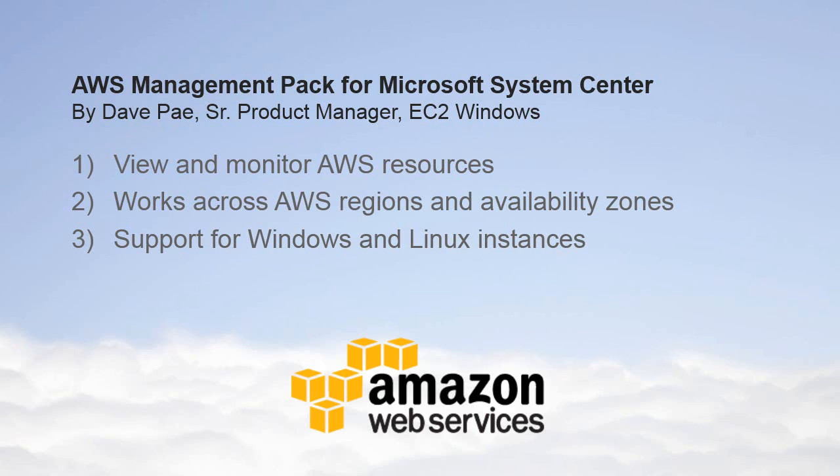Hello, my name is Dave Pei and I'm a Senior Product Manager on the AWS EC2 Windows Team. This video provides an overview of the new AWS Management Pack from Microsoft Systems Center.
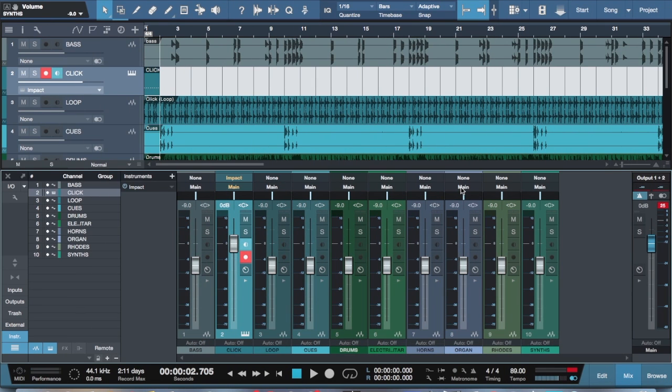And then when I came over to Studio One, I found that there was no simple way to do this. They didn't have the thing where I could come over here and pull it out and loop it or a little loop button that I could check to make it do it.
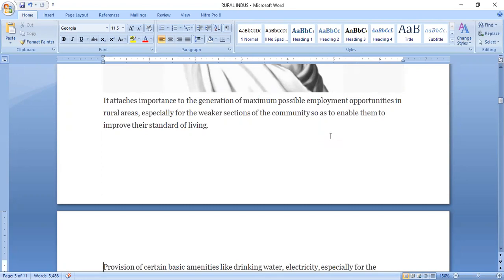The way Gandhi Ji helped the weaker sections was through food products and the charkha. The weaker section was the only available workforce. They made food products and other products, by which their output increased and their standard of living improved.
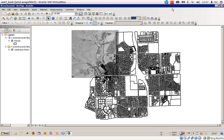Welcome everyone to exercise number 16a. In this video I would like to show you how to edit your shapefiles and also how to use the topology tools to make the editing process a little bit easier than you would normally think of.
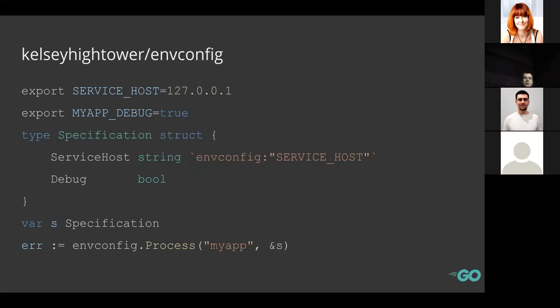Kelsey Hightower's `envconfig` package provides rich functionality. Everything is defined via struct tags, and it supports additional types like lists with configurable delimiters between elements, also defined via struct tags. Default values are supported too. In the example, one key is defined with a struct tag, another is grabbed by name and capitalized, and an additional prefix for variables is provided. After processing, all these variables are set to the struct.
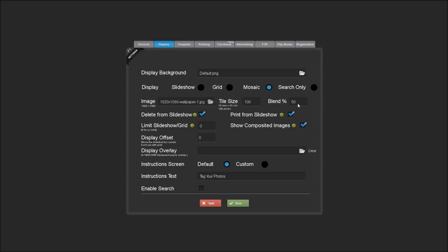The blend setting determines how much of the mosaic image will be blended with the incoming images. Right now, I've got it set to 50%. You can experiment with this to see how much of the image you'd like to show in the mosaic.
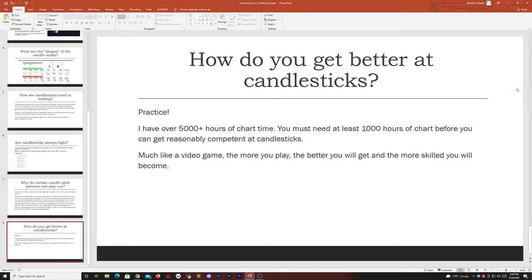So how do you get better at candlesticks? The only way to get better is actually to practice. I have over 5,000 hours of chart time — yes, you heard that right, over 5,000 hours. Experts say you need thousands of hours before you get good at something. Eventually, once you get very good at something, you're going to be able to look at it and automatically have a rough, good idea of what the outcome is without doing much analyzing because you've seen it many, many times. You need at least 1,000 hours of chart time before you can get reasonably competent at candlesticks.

YOUR TASK: Nothing but an exact copy is asked for: the lines from the start of the records through the line with "The way Gandhi", both ends included, minus any pictures.

SOLUTION TO THIS EXERCISE:
Hello, my name is Dave Pei and I'm a Senior Product Manager on the AWS EC2 Windows Team. This video provides an overview of the new AWS Management Pack from Microsoft Systems Center.
And then when I came over to Studio One, I found that there was no simple way to do this. They didn't have the thing where I could come over here and pull it out and loop it or a little loop button that I could check to make it do it.
The way Gandhi Ji helped the weaker sections was through food products and the charkha. The weaker section was the only available workforce. They made food products and other products, by which their output increased and their standard of living improved.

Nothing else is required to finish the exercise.